Using the Pólya-gamma sampler

As of version 1.2.0, NIMBLE provides a Pólya-gamma sampler for parameters in the linear predictor a logistic regression specification.

The Pólya-gamma (PG) sampler is a sampler that can be used on parameters involved in the linear predictor of a logistic regression when those parameters have normal or multivariate normal prior distribution(s). Often this would simply be a logistic regression for a set of Bernoulli or binomial observations with the target nodes being the regression coefficients in the linear predictor (the logit-transformed probabilities), but the “observations” could also be unknowns as well, such as in the occupancy component of an ecological occupancy model. PG sampling has been found to be useful in a variety of contexts, such as in sampling the detection and occupancy components of ecological occupancy models.

The sampler is similar to the well-known data augmentation strategy for probit regression, though the computational complexity of sampling the auxiliary variables in the PG is more intensive. For each observation, an auxiliary variable is introduced. The sampler first samples the auxiliary variables conditional on the observations and the target node. Then conditional on the auxiliary variables and the prior, it draws a conjugate sample from the multivariate normal conditional distribution of the target node.

Users must assign a PG sampler manually via addSampler.

One should generally assign a PG sampler to all of the parameters involved in the linear predictor for a given logistic regression component in a model. The reason for this is that the auxiliary variables are internal to each sampler and cannot be shared across different PG samplers. Since there is a distinct auxiliary variable for each observation, having multiple PG samplers for a given logistic regression component would involve updating those auxiliary variables multiple times. Furthermore, the sampling of the target nodes conditional on the auxiliary variables is a conjugate sampler, so the dimensionality of the target nodes is not a concern (although having more target nodes does increase the amount of computation in the conjugate update).

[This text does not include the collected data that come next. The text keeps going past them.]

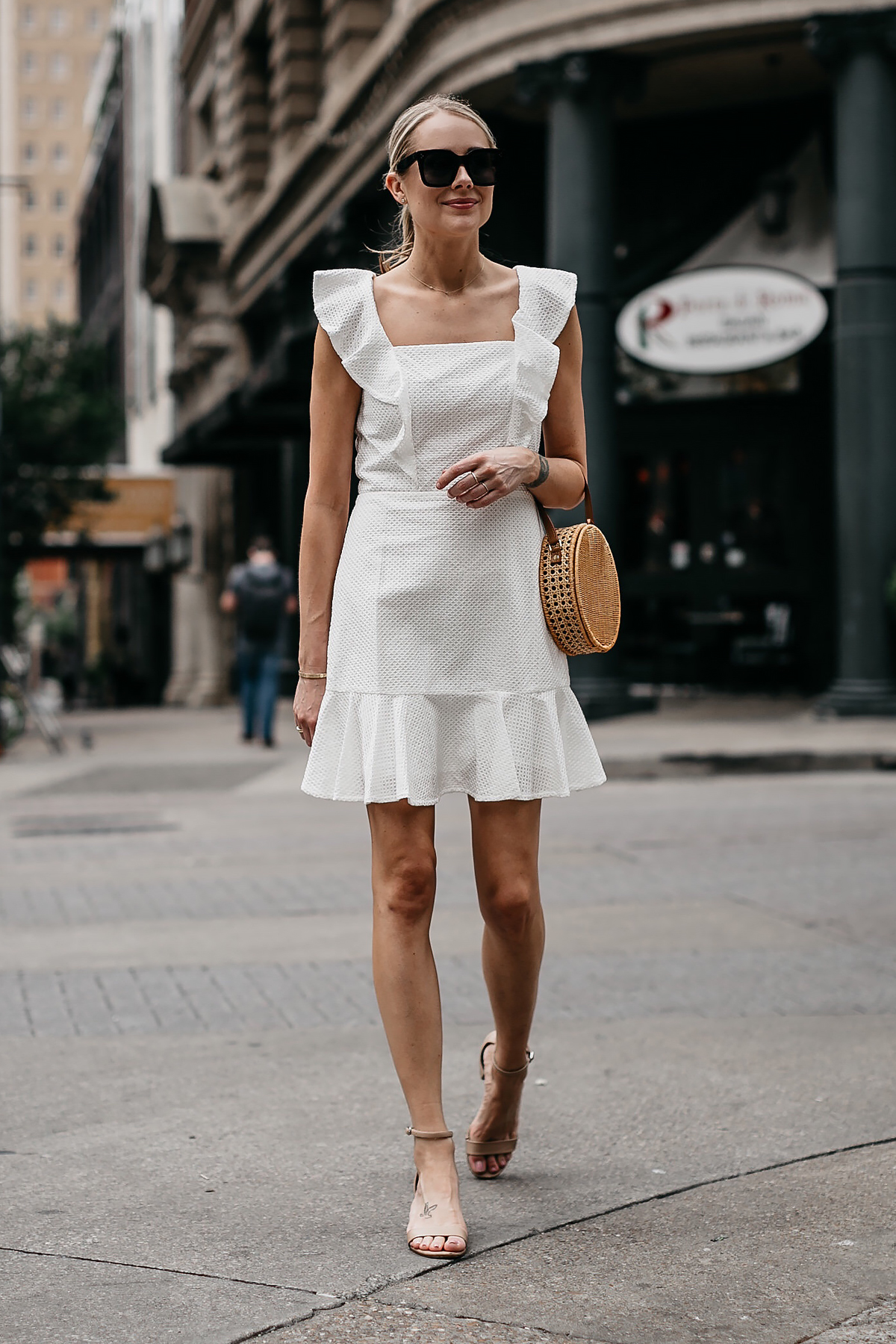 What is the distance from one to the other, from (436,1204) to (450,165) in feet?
6.61

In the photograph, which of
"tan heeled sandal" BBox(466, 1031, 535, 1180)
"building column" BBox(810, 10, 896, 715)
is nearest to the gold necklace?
"tan heeled sandal" BBox(466, 1031, 535, 1180)

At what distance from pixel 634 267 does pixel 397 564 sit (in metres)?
16.5

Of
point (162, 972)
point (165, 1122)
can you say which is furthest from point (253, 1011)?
point (165, 1122)

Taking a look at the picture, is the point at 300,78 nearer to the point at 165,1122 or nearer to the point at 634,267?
the point at 634,267

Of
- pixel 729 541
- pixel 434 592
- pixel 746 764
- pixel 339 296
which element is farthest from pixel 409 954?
pixel 729 541

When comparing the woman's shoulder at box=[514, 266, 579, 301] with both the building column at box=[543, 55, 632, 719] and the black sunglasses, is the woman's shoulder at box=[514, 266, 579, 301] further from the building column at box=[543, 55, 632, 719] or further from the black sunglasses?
the building column at box=[543, 55, 632, 719]

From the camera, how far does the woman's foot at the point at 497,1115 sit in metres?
3.61

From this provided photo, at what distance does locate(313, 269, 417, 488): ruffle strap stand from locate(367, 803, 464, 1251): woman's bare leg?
68 centimetres

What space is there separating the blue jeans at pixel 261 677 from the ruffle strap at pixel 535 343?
12640 millimetres

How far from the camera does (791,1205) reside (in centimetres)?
342

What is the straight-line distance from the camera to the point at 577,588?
340cm

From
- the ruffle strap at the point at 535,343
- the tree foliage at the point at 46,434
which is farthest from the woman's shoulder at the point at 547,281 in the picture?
the tree foliage at the point at 46,434

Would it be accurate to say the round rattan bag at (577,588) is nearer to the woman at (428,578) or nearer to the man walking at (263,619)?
the woman at (428,578)

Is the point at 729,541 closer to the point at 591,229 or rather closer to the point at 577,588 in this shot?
the point at 591,229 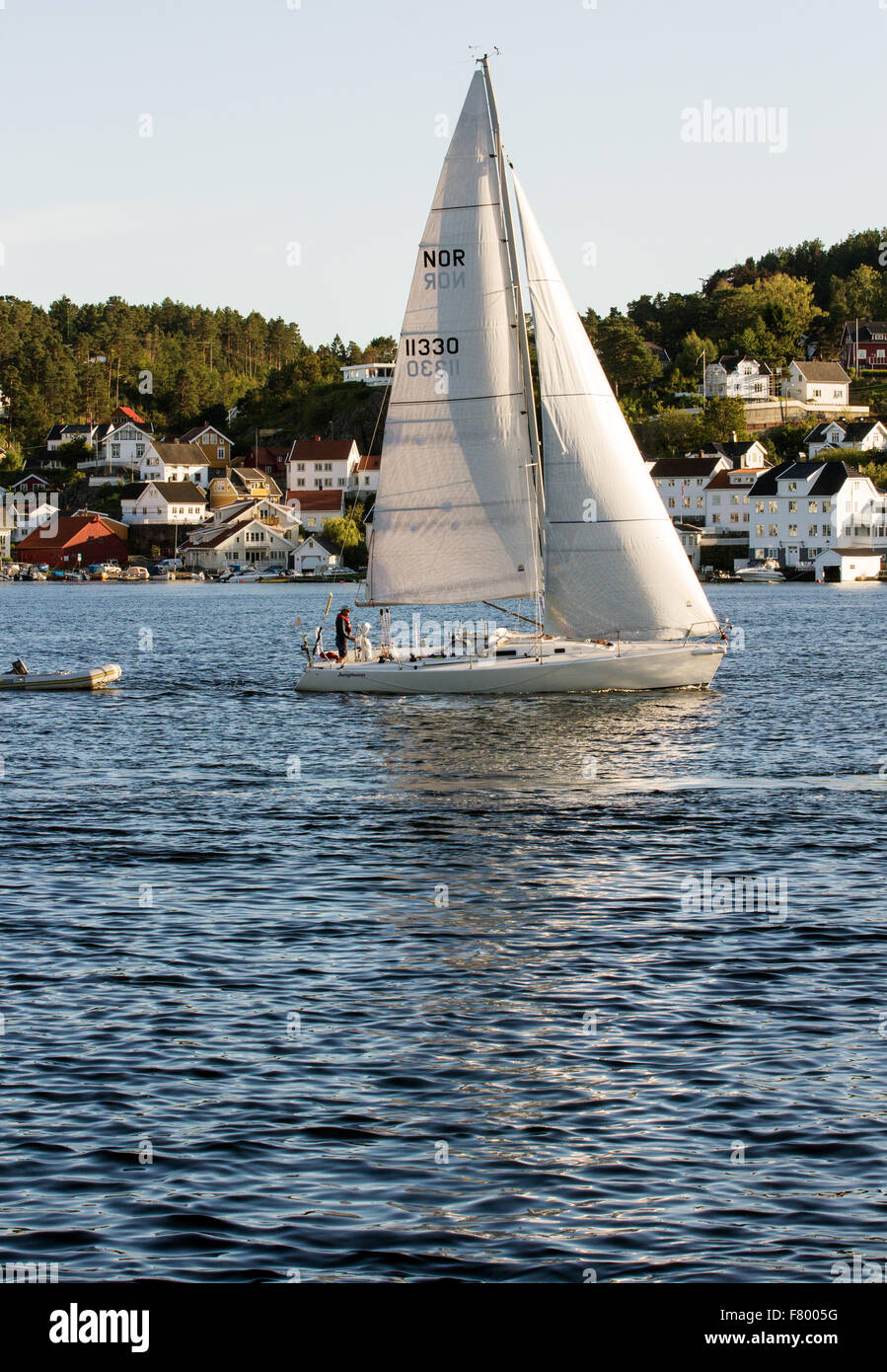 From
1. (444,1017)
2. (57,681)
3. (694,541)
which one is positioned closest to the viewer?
(444,1017)

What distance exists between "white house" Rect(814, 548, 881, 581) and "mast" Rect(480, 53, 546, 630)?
12971 cm

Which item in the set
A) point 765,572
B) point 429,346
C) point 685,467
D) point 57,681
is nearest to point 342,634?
point 429,346

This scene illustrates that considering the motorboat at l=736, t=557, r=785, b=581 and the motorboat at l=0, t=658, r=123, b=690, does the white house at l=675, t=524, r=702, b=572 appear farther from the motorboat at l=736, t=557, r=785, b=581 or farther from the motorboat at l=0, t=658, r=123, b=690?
the motorboat at l=0, t=658, r=123, b=690

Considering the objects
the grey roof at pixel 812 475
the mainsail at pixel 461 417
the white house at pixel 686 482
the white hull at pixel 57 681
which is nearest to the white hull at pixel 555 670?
the mainsail at pixel 461 417

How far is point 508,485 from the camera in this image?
4522 cm

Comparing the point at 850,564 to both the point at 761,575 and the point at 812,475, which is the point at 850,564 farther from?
the point at 812,475

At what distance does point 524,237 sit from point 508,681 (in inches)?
501

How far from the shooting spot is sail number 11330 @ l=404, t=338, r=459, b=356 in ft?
147

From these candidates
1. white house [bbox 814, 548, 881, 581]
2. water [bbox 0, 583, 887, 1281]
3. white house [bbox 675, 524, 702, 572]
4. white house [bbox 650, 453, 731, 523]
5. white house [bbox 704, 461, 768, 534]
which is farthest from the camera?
white house [bbox 650, 453, 731, 523]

In most situations, the covariates in the linear predictors are fixed and known in advance. As discussed in detail in the documentation, available via help(samplers), one should in that situation indicate that using the fixedDesignColumns element of the sampler control list, as shown in the examples below.

Basic example

First, we’ll illustrate usage on a very simple simulated logistic regression example.

library(nimble)
## nimble version 1.4.0 is loaded.
## For more information on NIMBLE and a User Manual,
## please visit https://R-nimble.org.
## 
## Attaching package: 'nimble'
## The following object is masked from 'package:stats':
## 
##     simulate
## The following object is masked from 'package:base':
## 
##     declare
set.seed(1)
n <- 100
x <- rnorm(n)
beta0 <- 0.5
beta1 <- 2.5
beta2 <- 0

linpred <- beta0 + beta1 * x + beta2 * x^2

p <- expit(linpred)
y <- rbinom(n, 1, p)

code <- nimbleCode({
   for(i in 1:n) {
      y[i] ~ dbern(p[i])
      logit(p[i]) <- beta[1] + beta[2] * x[i] + beta[3] * x[i]^2
      }
      for(j in 1:3)
      beta[j] ~ dnorm(0, sd = 10)
      })      

model <- nimbleModel(code, data = list(y=y), constants = list(x=x, n = n),
   inits = list(beta = rep(0,3)))
## Defining model
## Building model
## Setting data and initial values
## Running calculate on model
##   [Note] Any error reports that follow may simply reflect missing values in model variables.
## Checking model sizes and dimensions

Often with a regression we might center the covariate to remove dependence between the intercept and the regression coefficients. But the Pólya-gamma sampler samples from the joint distribution of the elements of beta, so centering should make little difference in this context.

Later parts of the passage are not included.